Il faut reconnaître que l’utilisation de ces deux vocables sert bien la démonstration de l’auteur. Dans le cas du « personnalisme », elle permet d’apposer une étiquette commode, suffisamment plausible pour ne pas rebuter les lecteurs avertis, mais suffisamment simplifiée pour pouvoir amalgamer des perspectives réformistes par ailleurs diversifiées et couvrant pratiquement l’ensemble de la période étudiée du catholicisme québécois. On peut bien associer le personnalisme à tous ceux qui ont gravité dans ou autour de l’Action catholique : cela n’est pas tout à fait faux, mais ce n’est pas davantage franchement vrai, surtout quand on considère les itinéraires philosophiques, politiques et spirituels des uns et des autres, des itinéraires fort différents et parfois même divergents. Une doctrine qui définirait des positionnements aussi incompatibles pourrait être considérée comme pratiquement « non falsifiable », donc sans signification. Quant à l’appellation de « moderniste », il est vrai qu’elle est plus diffuse et moins systématiquement martelée et attribuée à une lignée d’individus comme c’est le cas de celle de « personnaliste ». À telle enseigne qu’elle semble parfois avoir le sens faible de « novateur », de « progressiste », voire de « moderne ». Mais, on le verra plus loin, faire de Fernand Dumont un porte-étendard du « modernisme », un mouvement qu’il connaissait bien par ailleurs et dont il déplorait la répression brutale et mal éclairée, relève de l’anachronisme.

On comprend que, pour démontrer le caractère catholique des origines et des acteurs de la Révolution tranquille, il fallait bien pouvoir identifier des « camps », voire des « coteries ». C’est que pratiquement tous les acteurs que cite l’auteur, et si opposés qu’ils aient été dans leurs prises de position et dans leurs intentions, étaient d’allégeance catholique. À peu près tous les citoyens francophones un peu instruits et capables de militance avaient été formés dans les établissements et les institutions de tradition catholique. On pouvait bien être un peu plus conservateur ou un peu plus ouvert au changement, un peu plus à gauche ou un peu plus à droite, un peu plus fédéraliste ou un peu plus autonomiste, même souverainiste : il s’agissait pratiquement toujours de catholiques, plus ou moins fervents, distants, réformistes ou dissidents. Il serait sans doute trivial d’affirmer d’emblée que les origines de la Révolution tranquille ne pouvaient être que catholiques, mais ce ne serait pas loin de la vérité historique.

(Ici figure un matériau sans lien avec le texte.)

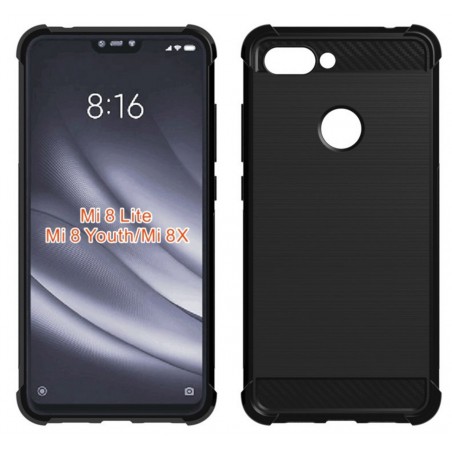 Funda Gel Tpu Anti-Shock Carbon Negra para Xiaomi Mi 8 Lite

La réforme de l’éducation (1960-1964)

Le récit que fait Gauvreau de la réforme de l’éducation, cette icône de la Révolution tranquille, mérite une analyse plus serrée. Disons-le aussi d’emblée : d’« atmosphérique », le doute devient ici objection.

En s’appuyant sur un ensemble de citations souvent isolées de leur contexte scolaire ou politique, l’auteur entend montrer que la réforme libérale de l’éducation a été « non pas un recul de la religion, mais un progrès incontestable » (p. 250). En effet, cette réforme aurait été l’occasion d’« enchâsser officiellement la religion catholique dans des structures éducatives publiques » (p. 248, voir aussi p. 290 et 307) et d’allouer « des sommes considérables pour le personnel et la gestion de l’enseignement religieux aux niveaux primaire et secondaire » (p. 249). Plus même, l’école allait pouvoir « compenser les graves lacunes sociales et culturelles de la famille » et l’État, « contribue(r) à moderniser l’approche de la doctrine catholique » (p. 250). « Dernier concordat », titre le chapitre, « partenariat renouvelé [de l’Église] avec l’État et la nation québécoise », renchérit-on (p. 269). Le premier ministre Lesage aurait même fait du Québec un « État officiellement chrétien » (p. 279), voire « catholique » (p. 280).

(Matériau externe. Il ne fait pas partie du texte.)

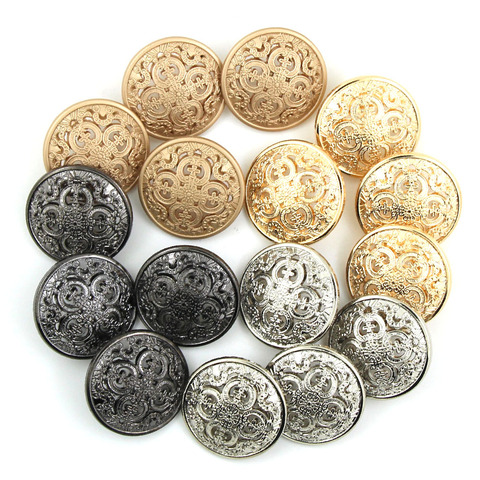 Bouton métallique creux or 5 pièces | Boutons noirs argentés bouton rond décoratif pour vêtements, accessoires de couture, artisanat de bricolage 14-27mm ► Photo 1/4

Le propos se fait insistant : « en tant que religion de la majorité, il [le catholicisme] conserverait un statut officiel dans le système publique [sic] d’éducation » (p. 289). Le « prix à payer » en aurait été « la disparition de la famille dans le processus d’instruction religieuse des enfants » (p. 293) : « l’Église et l’État. […] seuls, dorénavant, se partageraient le pouvoir en matière de curriculum » (p. 293). En somme, « l’Église et l’État se sont […] partagé l’éducation publique au nom des valeurs spirituelles de la génération montante » (p. 294). La conclusion coule alors de source : « l’enseignement religieux [serait dès lors] le signe extérieur distinctif de l’alliance » – comme si l’enseignement religieux n’était pas déjà dispensé dans les écoles publiques ! –, la « mission première (de l’État) étant finalement religieuse » (p. 302). L’Église et l’État se seraient ainsi donné un même guide d’action : « réaffirmer et revigorer le catholicisme comme dépositaire des valeurs nationales » (p. 302). On croirait rêver.

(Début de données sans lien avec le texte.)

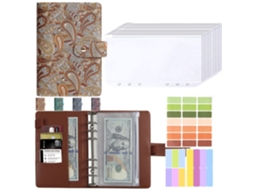A6 Paisley Macaron Pu Leather Refillable Notebook, Vintage Exotic Style, Planner Organizer With 12-zipper Pockets
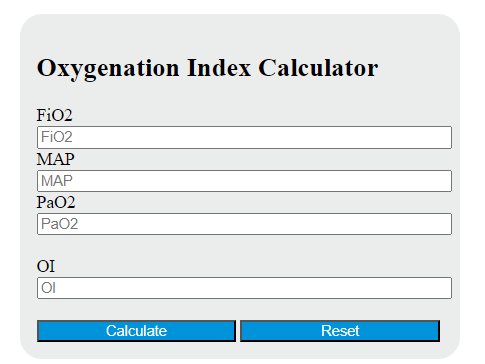 oxygenation index calculator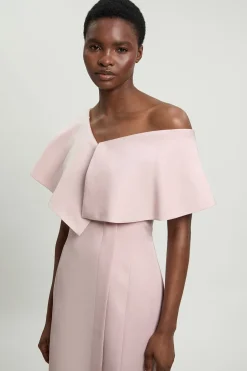 Robe Crayon Mi-longue Ajustée Petite En Mélange De Lin Poli Avec Détail De Pli Asymétrique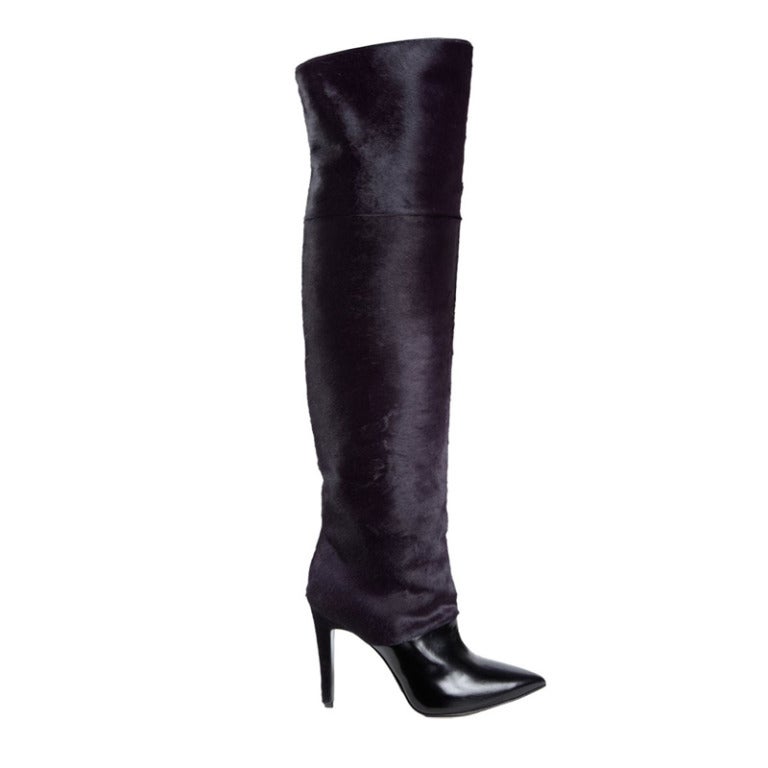 New PIERRE HARDY PONY-HAIR OVER THE KNEE BOOTS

On croirait aussi rêver quand on lit que la foi est ainsi devenue « un critère absolu d’obtention d’un poste dans la fonction publique » (p. 296) et que l’auteur souligne « le caractère explicitement confessionnel de la machine administrative du ministère de l’Éducation », un fait que le signataire de la présente note critique aura mis plus d’un quart de siècle à… ne pas voir ! De moindre portée, mais tout aussi erronée, cette affirmation selon laquelle «chaque comité (confessionnel du Conseil supérieur de l’éducation) – l’un et l’autre devenant bizarrement des sous-comités (p. 297-298) – avait à sa tête un sous-ministre adjoint de l’obédience en question » (p. 297). Il y a là de quoi faire sourciller même l’étudiant-maître qui aurait suivi distraitement son cours obligatoire sur « les structures scolaires du Québec » ! Mais de quoi aussi établir à l’avance la gravité de la trahison des catholiques personnalistes et modernistes qui déchristianiseront ensuite le Québec.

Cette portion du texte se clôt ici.